Filtering metrics (metric_relabel_configs) in the scrapeConfigs settings will delay metric collection. #2815

Ari-suhyeon · 2024-08-28T04:14:19Z

Describe the bug
When I filter metrics using metric_relabel_configs in the scrapeConfigs settings, I am not getting the metrics at the scrape time I want.
Send metrics to AWS Prometheus via ADOT (scraping interval: 10 seconds) and range query the metric information every 10 seconds.

I set metric_relabel_configs to ensure that only certain metrics are stored in Prometheus to save on AWS Prometheus costs.
However, when I set metric_relabel_configs in multiple scrape configs, there is an intermittent delay in metric collection.
If I search directly with the current time, the metrics are intermittently not collected when I search, but when I search again after a few seconds with the same time, the metrics are collected well.
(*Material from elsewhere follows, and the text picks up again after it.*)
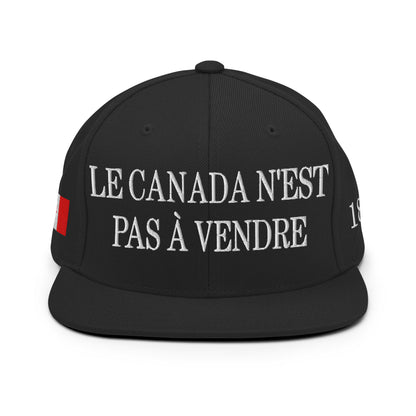 Le Canada n'est pas à Vendre Canada is not for Sale Flag 1867 Embroidered Flat Bill Brim Snapback Hat Black Red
Therefore, I think the collection is delayed.
If you look at the image below, you can see that metrics are intermittently not collected for a few seconds on the left, and then all metrics are collected.
The metric_relabel_configs condition was present in the config when the metrics were intermittently not collected, and the metric_relabel_configs condition was missing when the metrics were all collected.
(container_cpu_usage_seconds_total metric image)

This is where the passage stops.